Recollection of Worship at Wesley Chapel on September 10th 2017

On Sunday September 10th our supernumerary minister Rev Trevor Dixon led worship at Wesley Chapel.  He told us that the phrase, ‘Where 2 or 3 are gathered together in my name…..I am in the midst,’ had been taken out of context for years!  If there were not 10 people in a synagogue they could not pray, so the above saying would have not been applicable in that situation.  Apparently a traveller, who was an atheist, had to go to the synagogue to make up the numbers for prayer to take place.  Jesus took the law and turned it on its head and said that only 2 or 3 needed for prayer and worship to take place.  In one small chapel only 2 old ladies came to worship; only when one went into a home did the worship discontinue.

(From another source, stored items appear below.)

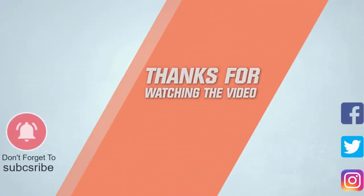For more details, click the link in the description. Thanks for watching the video.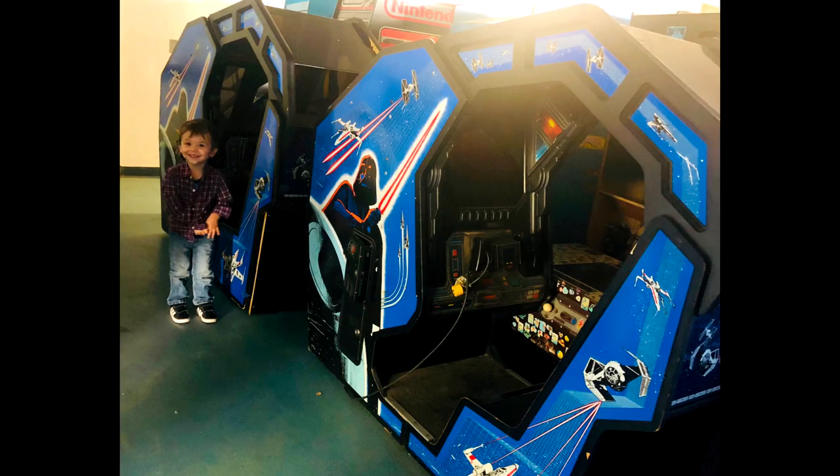Hi, it's Meg from Highscores Arcade and today we are lusting over the 1983 Star Wars arcade game by Atari. This is widely regarded as one of the best arcade games to ever hit the arcade floor and it's still pretty coveted in the collector community. Here in the Highscores Arcade collection we have one standard upright cabinet, which is the one you see here, as well as two of the sit-in cockpit style cabinets pictured here with our son Link.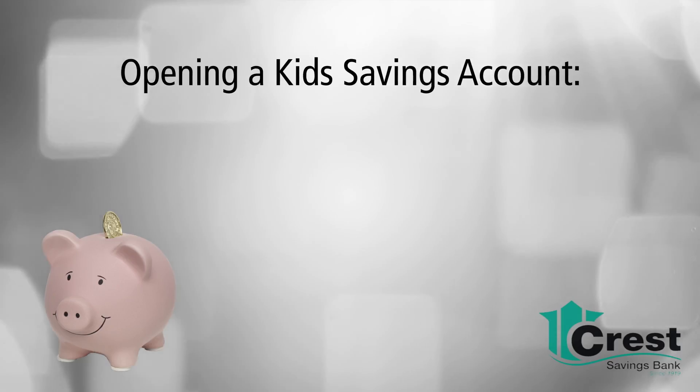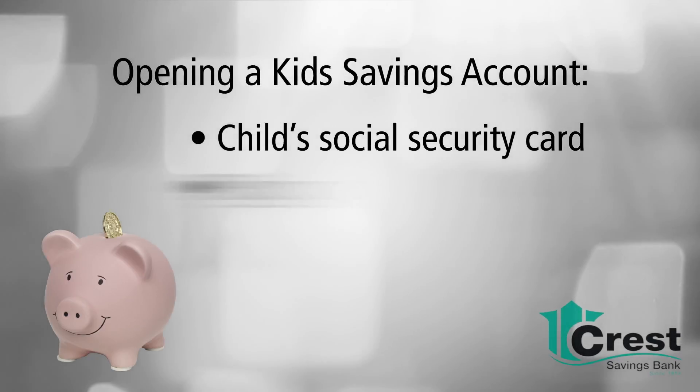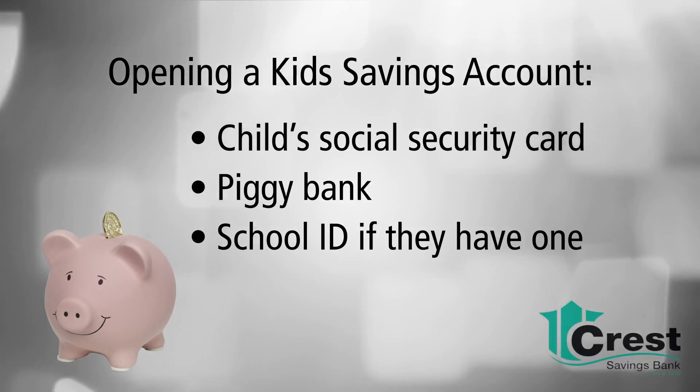Opening a savings account for your child isn't much different from getting a new account yourself. Just stop into any CREST savings branch. When you go, double check that you have your child's Social Security card. Children should also bring their piggy banks and school identification card if they have one.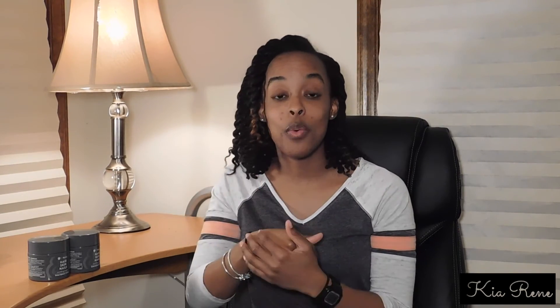Please subscribe to my channel if you haven't already. Hit the like button. Leave me some comments down below if you have any questions about these vitamins, anything I may have missed, or any general questions that I can answer — I will definitely answer that for you. Until next time, see you later.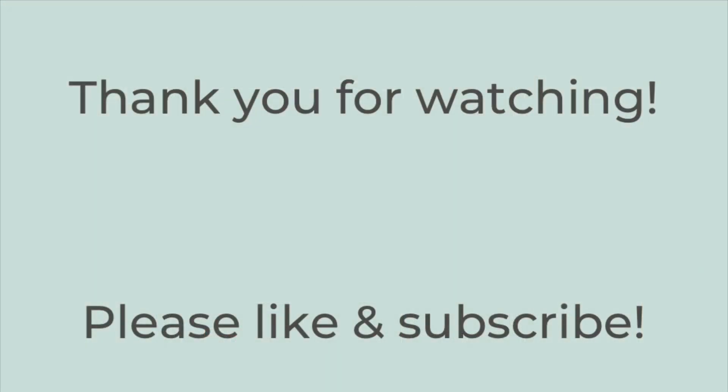All right, and that's it for today's video. Thank you so much for watching — if you liked this video, please hit the thumbs up button below and subscribe to my channel if you're not already. I hope you have a great rest of the day. Thanks so much, bye-bye!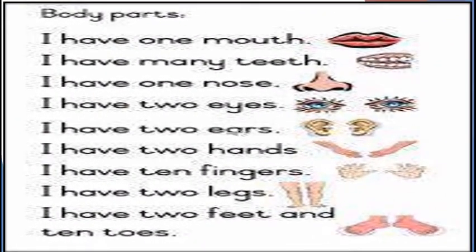Now let's revise the body parts. I have one mouth — I can talk and eat with my mouth. I have many teeth inside my mouth; I bite my food with them. I also have a tongue — I can taste with it. I have one nose — I can breathe and smell with my nose.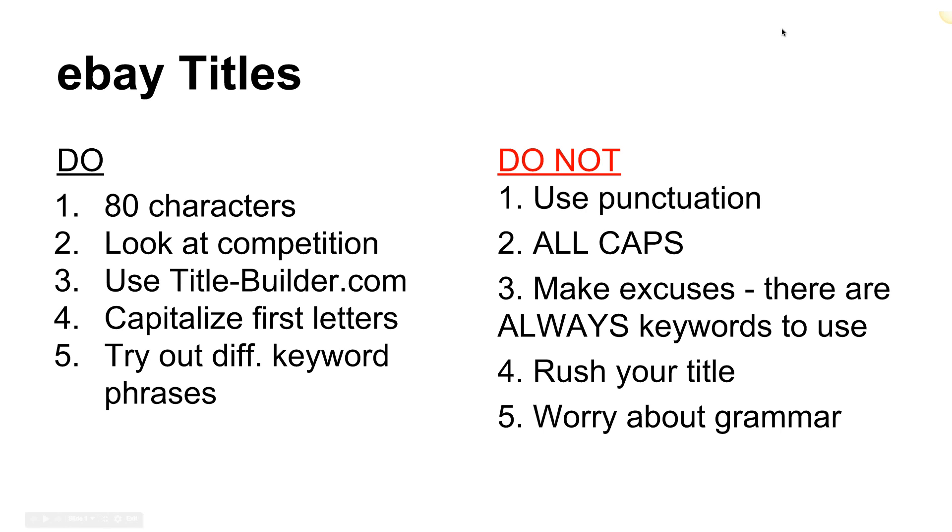A lot of you are working on speed listings — obsessed with getting listings up quickly. If you can get a listing done in four minutes, in an hour you can knock out quite a few. But if that speed is costing you quality because your titles aren't very good, that's problematic. Don't rush your title. Number five: don't worry about grammar. A title should just be one run-on sentence. It doesn't necessarily need to make sense — grammar kind of goes out the door.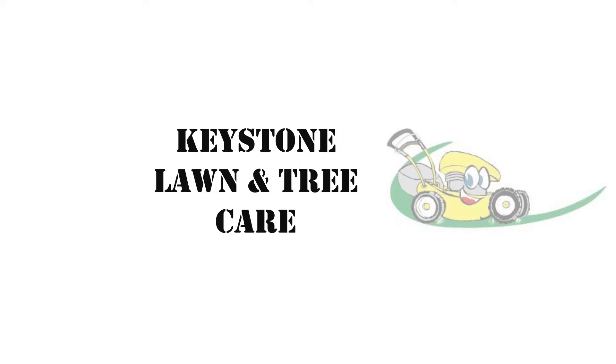Hi, welcome back. Chris here from Keystone Lawn and Tree Care's YouTube channel, and today we're down at Planet Turf to see what these guys are all about. Let's go inside. All right, we're inside here at Planet Turf and we have Jordan here — Jordan is the account manager. Jordan, tell us a little bit more about what you guys are all about here.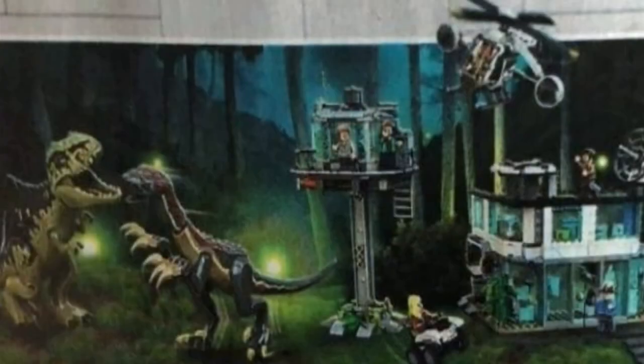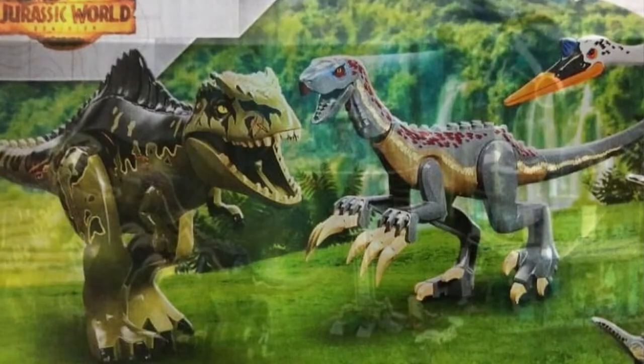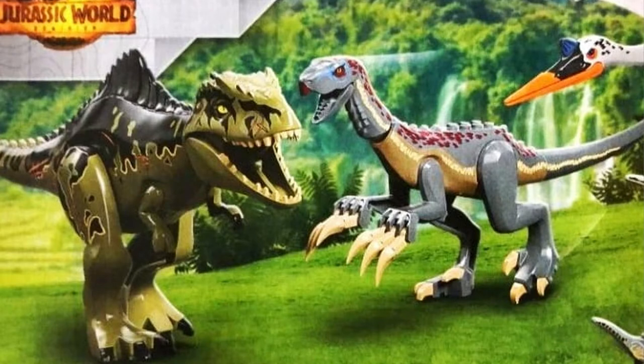Hey guys, today thanks to Pricey Plastic Product, we have a look at this new LEGO Jurassic World set. This actually has the Giganotosaurus and a really cool research base, and then there's another interesting dinosaur. This is from the new Jurassic World movie — the set hasn't been revealed yet, and this is from the back of an instruction booklet. We have a better image of the actual two dinosaurs fighting.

The original context was the final section on church discipline in the gospel.  It is still flexible in churches in isolated units where congregations have personal agendas and individual units.  Paul pleaded again and again for Christian love to be in context in Romans 13.  In Matthew 18 a similar context Jesus said that to just love each other is to fulfil the law.  The writer had seen the difficulties in a local congregation. The sayings of Jesus were gathered together to maintain order.  Two or three witnesses were needed to present a dispute in Jewish Law.  In Deuteronomy a single witness was not enough to bring a charge, so 2 or 3 witnesses were needed at Jesus’ trial. In Matthew’s church they had to choose trusted representatives to deal with disputes.  If there was still a problem the dispute had to be taken to the whole congregation!

How would we feel?  How would we judge?  It is good to have opinions, but how do we deal with disputes?  We cannot all be of the same mind but we can still love each other anywhere?!  We do not fully respect the Spirit of Jesus when we disagree.  What if the offender refuses to listen to even the whole of the church; we need to be gentle and unprejudiced towards people.  Jesus in contrast in Luke is shown befriending the Gentiles and tax collectors and welcoming them all to church.  Do we have the definitive mind of Jesus or are we prejudiced?  We need as a church to be open in our judgements.  How do we deal with those we do not find acceptable?  Do we throw them out or accept them?  Who is or might be acceptable?  God is present in worship and not absent in a finance meeting, as God is present in the whole of life, even in discussions about sexuality, abuse or divorce.  God is interested in all these things.  God’s name is glorified in the way we deal with negative sides of fellowship and living.

Trevor said that when he was an industrial chaplain God was there in the work place.  It was his task to help people find God in different situations; being a comfort to the oppressed, a companion to the friendless, and with those who fight prejudice and injustice.  God is in all situations and sometimes works through people there.  There are no ‘no go’ areas for God.  If someone offends you, do you challenge them or discuss it through with them.  How do we challenge them?  We search for the truth in the situation. Jesus was a radical person, a disturber of the peace, not a comfortable word, but dark and dangerous.  Those who proclaim the truth are prophetic voices, disturbers.  Jesus is in the midst but challenging and we too need to challenge violence in the world and overcome evil with good.